This is an excerpt from the book
Discrete and Computational Geometry"
by Devadoss and O'Rourke.
Lemma 1.3: Every polygon with more than three
vertices has a diagonal.
"Proof: Let v be the lowest vertex of P; if there are several,
let v be the rightmost. Let a and b be the two neighboring vertices
to v. If the segment ab lies in P and does not otherwise touch
the boundary of P, it is a diagonal. Otherwise, since P has more
than three vertices, the closed triangle formed by a, b, and v
contains at least one vertex of P. Let L be a line parallel to
segment ab passing through v. Sweep this line from v parallel
to itself upward toward ab; see Figure 1.4. Let x be the first
vertex in the closed triangle abv, different from a, b, or v,
that L meets along this sweep. The (shaded) triangular region of
the polygon below line L and above v is empty of vertices of P.
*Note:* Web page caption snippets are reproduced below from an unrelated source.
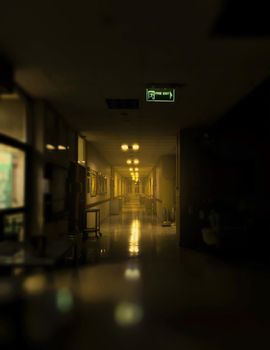 Floor in old hospital in Abandoned , darkness horror and halloween background concept.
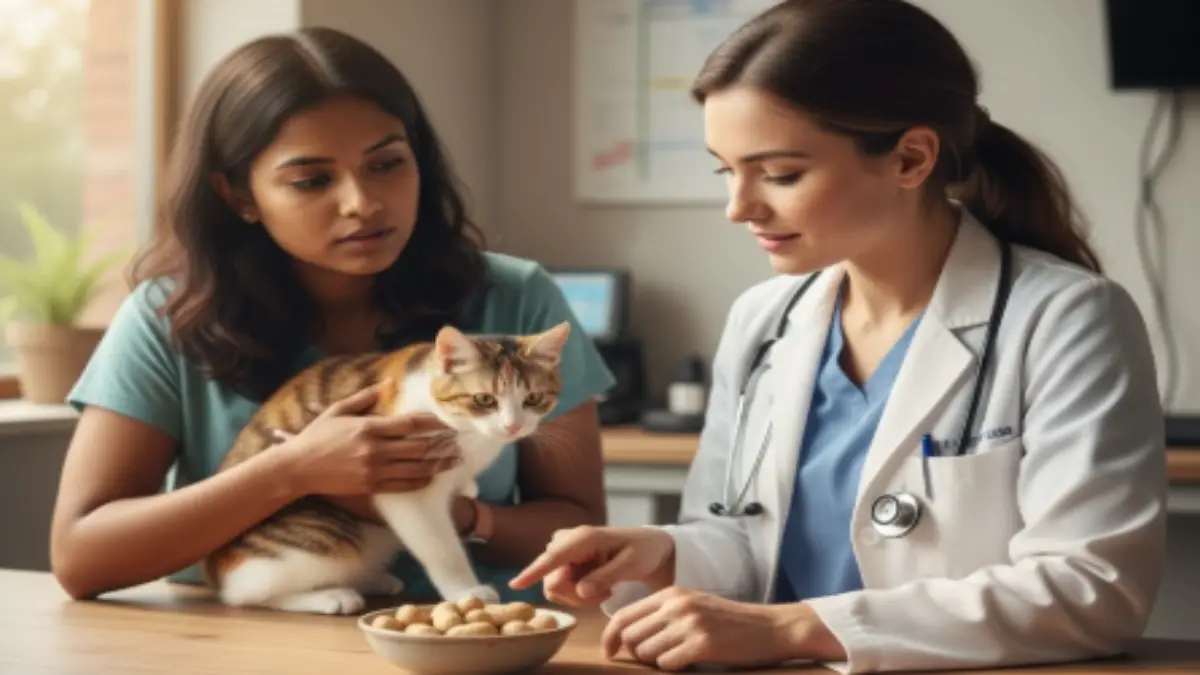 猫 ピーナッツの危険性を説明する獣医師イラスト 獣医師が猫の飼い主にピーナッツの危険性を説明しているイラスト。猫 ピーナッツの安全性を理解する場面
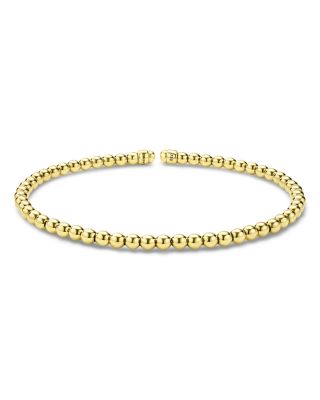 18K Yellow Gold Caviar Gold Bead Flex Bangle Bracelet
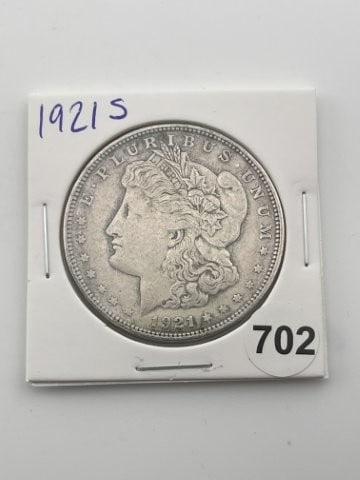 1921 S Morgan Silver Dollar Coin: KEY WORDS: INDIAN ARTIFACT ARTIFACTS ARROWHEAD ARROWHEADS NATIVE AMERICAN MISSISSIPPIAN QUAPAW CADDO POTTERY COINS MORGAN DOLLAR PEACE DOLLAR SILVER COINS Arkansas. Now taking in consignments for pre-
Because vx cannot intersect the boundary of P except at v and x,
we see that vx is a diagonal. "
My two questions are:
1) How doe we know there is a vertex
inside the closed triangle we created? I believe it intuitively
but that doesn't help me in a proof.
2) Does the sweeping line exclude this
from being a rigorous proof? And why does the
line sweeping have to be parallel to the triangle
side ab?
Thanks in advance for any help.
Best Answer
If there are no vertices of $P$ in the closed triangle $avb$, then no edge of $P$ intersects the segment $ab$ internally (because for there to be an edge intersecting $ab$ internally, the closed triangle $avb$ must contain a vertex of $P$). Therefore $ab$ is a diagonal (and we are done).
"Sweeping the line" can be rigorously implemented as a function $\phi$ from the closed interval $[0,1]$ to the set of lines parallel to $ab$, where $0$ is mapped to the line through $v$ and $1$ is mapped to the line $ab$. We pick the minimal value of $r$ such that the line $\phi(r)$ passes through a vertex of $P$ other than $v$, and then we pick the vertex (or one of the vertices) that $\phi(r)$ passes through as $x$.
As for why the line has to be parallel to $ab$, it's so that $\phi(1)$ is the line $ab$, and therefore the line sweeps through the entirety of the closed triangle $avb$.